Partial least-squares discriminant analysis (PLS-DA) score plots for HPLC/MS data of all the groups (A). PLS-DA score plots showed differences in the metabolic state in the control group (Con, Δ), the HFD model group (M, ◇), the pioglitazone groups (PIO,▽), the 2000 mg/L VT group (HIGH, +), and the 500 mg/L VT groups (LOW, ×). PLS-DA score plot showing the difference in the metabolic state between the control group (Con, Δ) and the HFD model group (M, +) (B). PLS-DA score plot showing the difference in the metabolic state between the HFD model group (M, Δ) and the PIO group (PIO, +) (C). PLS-DA score plot showing the difference in the metabolic state between the 500 mg/L VT groups (LOW, Δ) and the HFD model group (M, +) (D). PLS-DA score plot showing the difference in the metabolic state between the 2000 mg/L VT group (HIGH, Δ) and the HFD model group (M, +) (E). Summary of pathway analysis with MetPA (F). n = 6.

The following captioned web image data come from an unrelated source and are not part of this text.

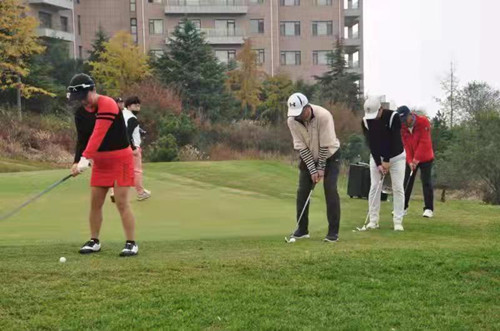 웨이하이 고려골프협회, 회장배 골프대회 진행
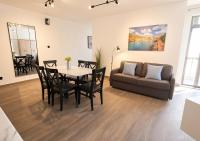 Modern Swieqi Apartment Sleeps 6 10 mins to StJulians - Bed and Breakfast Swieqi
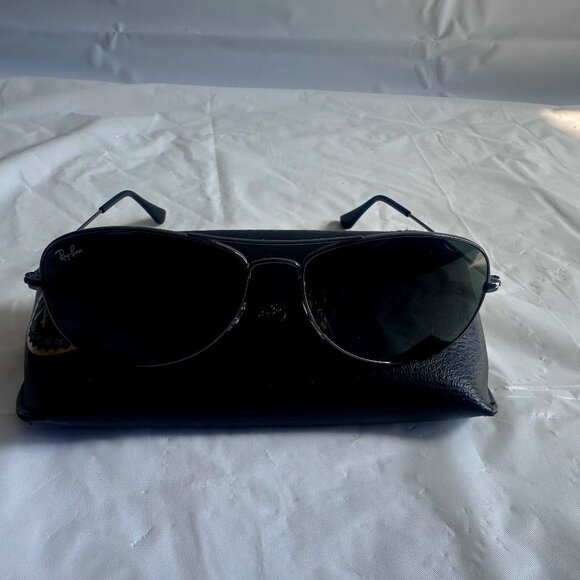 Ray-Ban Cockpit Sunglasses w/case - Picture 1 of 10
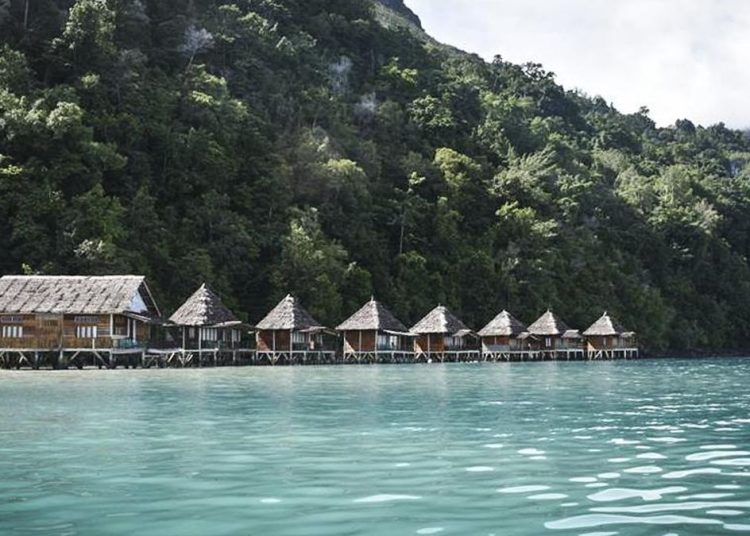 Media Asing Soroti Pantai Indah di RI yang Terabaikan karena Bali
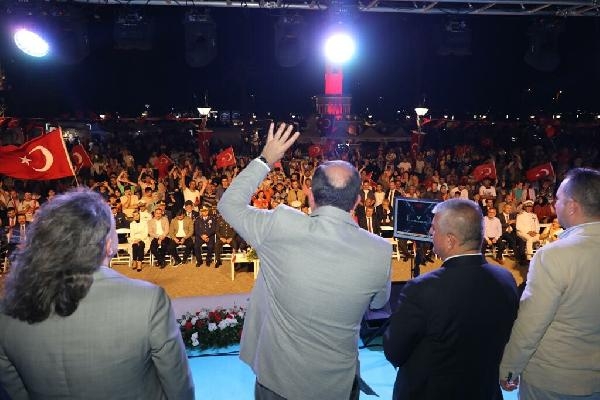 İzmir'de '15 Temmuz' için meydan doldu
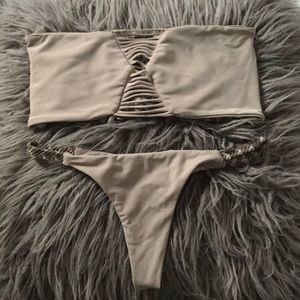 Siempre golden tres amigos set in Nude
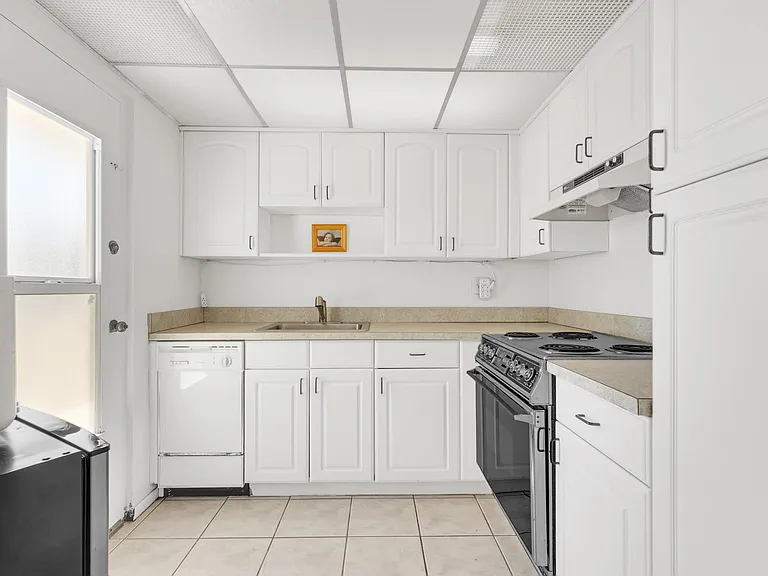 2555 NE 11th St #804 — Photo 7
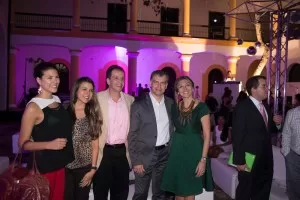 Invitados posan en el patio del Centro Cultural del Oriente iluminado en morado durante el lanzamiento del SFW 2013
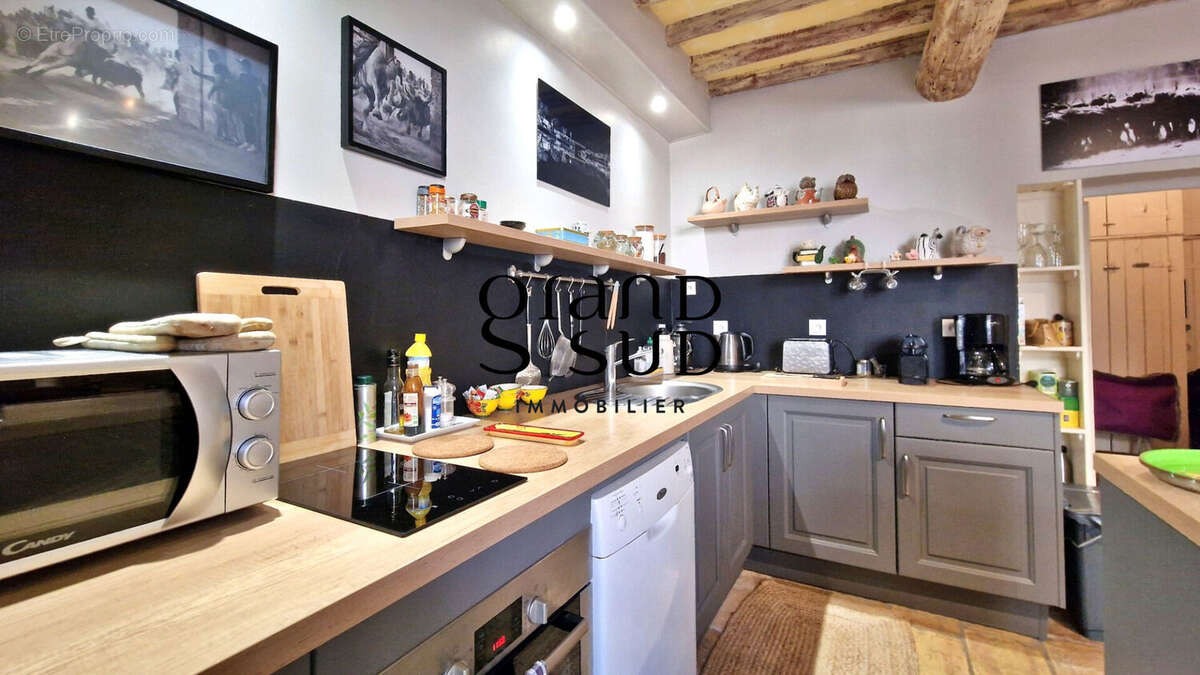 Aigues Mortes - intra-muros- Maison avec patio - photo 4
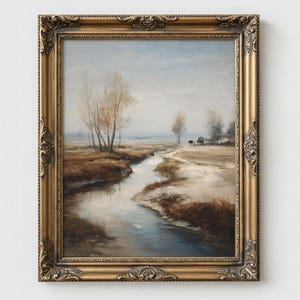Könnte beinhalten: Antike Landschaftsmalerei in einem goldenen, verzierten Rahmen. Das Kunstwerk zeigt eine ruhige Szene mit einem Bach, der sich durch ein Feld schlängelt, kahlen Bäumen und einem entfernten Haus. Die Farbpalette umfasst gedämpfte Blau-, Braun- und Goldtöne und erzeugt eine Vintage-Ästhetik.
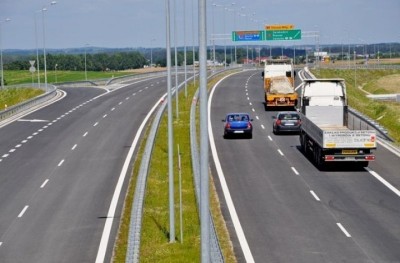 Sześć firm chce budowac kolejny odcinek drogi S3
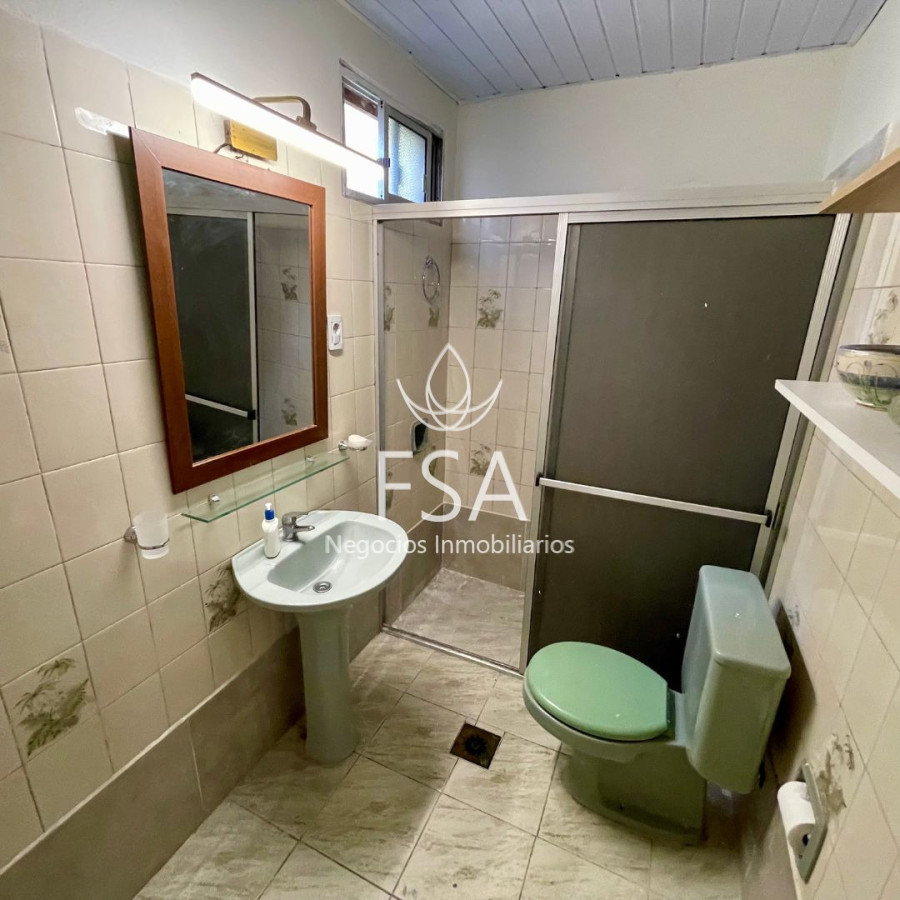 Casa ID.415 - Alquiler Casa 4 Dormitorios Garage Parrillero Jacinto Vera Montevideo St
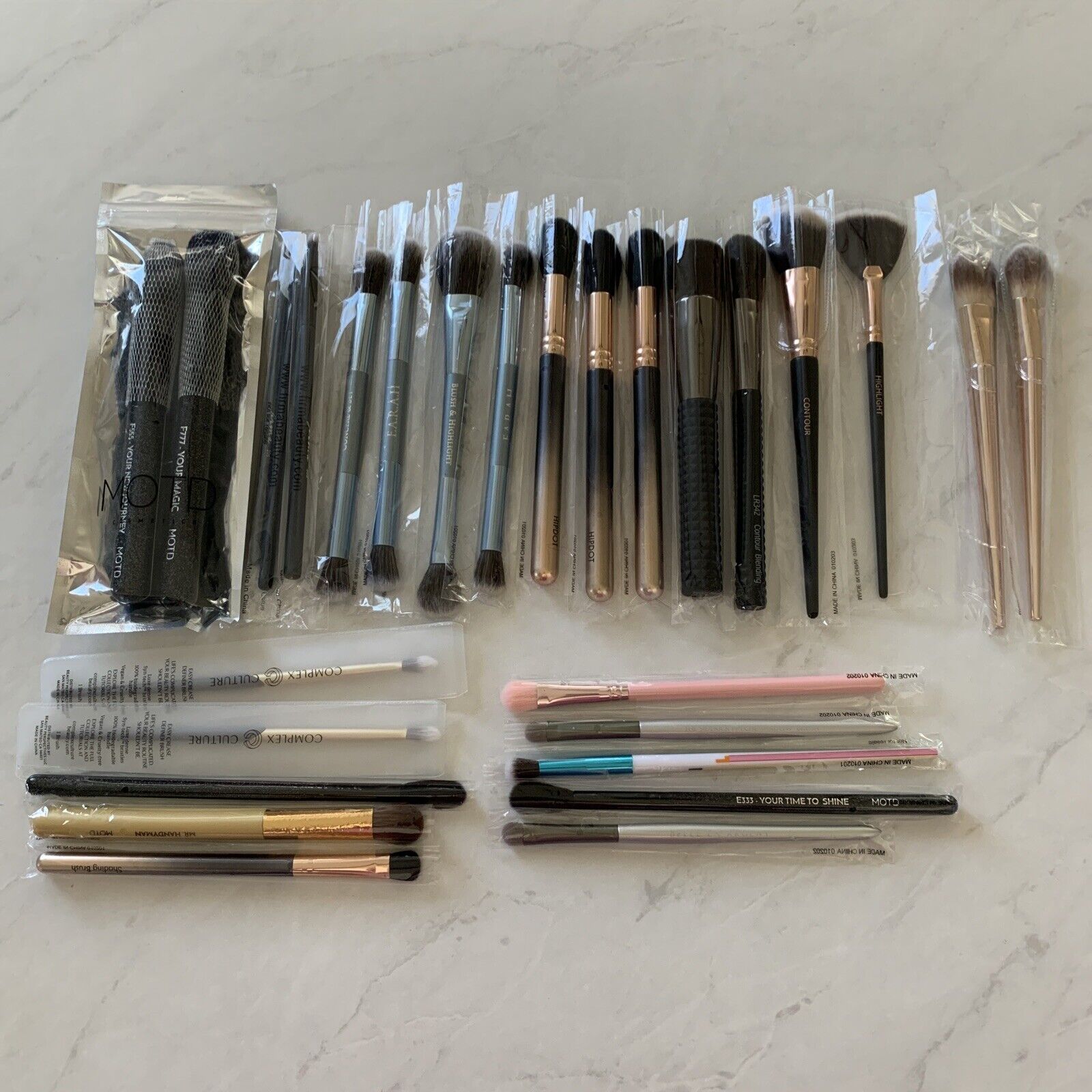 Lot of 25 Makeup Brushes Various Brands + Wholesale Resale Stock Up Gifts  *B19 Unbranded Makeup Brushes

Fig 4. Metabolome pathway map of the quantified metabolites, including the components of glycolysis and the Krebs cycle in each group.

Black bar: control group (rats receiving only common chow); white bar: high fat-diet (HFD) group (rats receiving only an HFD); gray bar: vine tea (VT) group (VT, 2000 mg/L, and HFD). Data are presented as the means ± SEM. *P<0.05, **P<0.01 compared to normal control; #P<0.05, ##P<0.01 compared to HFD model group, n = 6.

Fig 5. Metabolome pathway map of purine metabolism and pyrimidine metabolism in each group.

Black bar: control group (rats receiving only a common chow); white bar: high fat-diet (HFD) group (rats receiving only an HFD); gray bar: vine tea (VT) group (VT, 2000 mg/L, and HFD). Data are presented as the means ± SEM. *P<0.05, **P<0.01, ***P<0.001 compared to normal control; #P<0.05, ##P<0.01, ###P<0.001 compared to HFD model group, n = 6.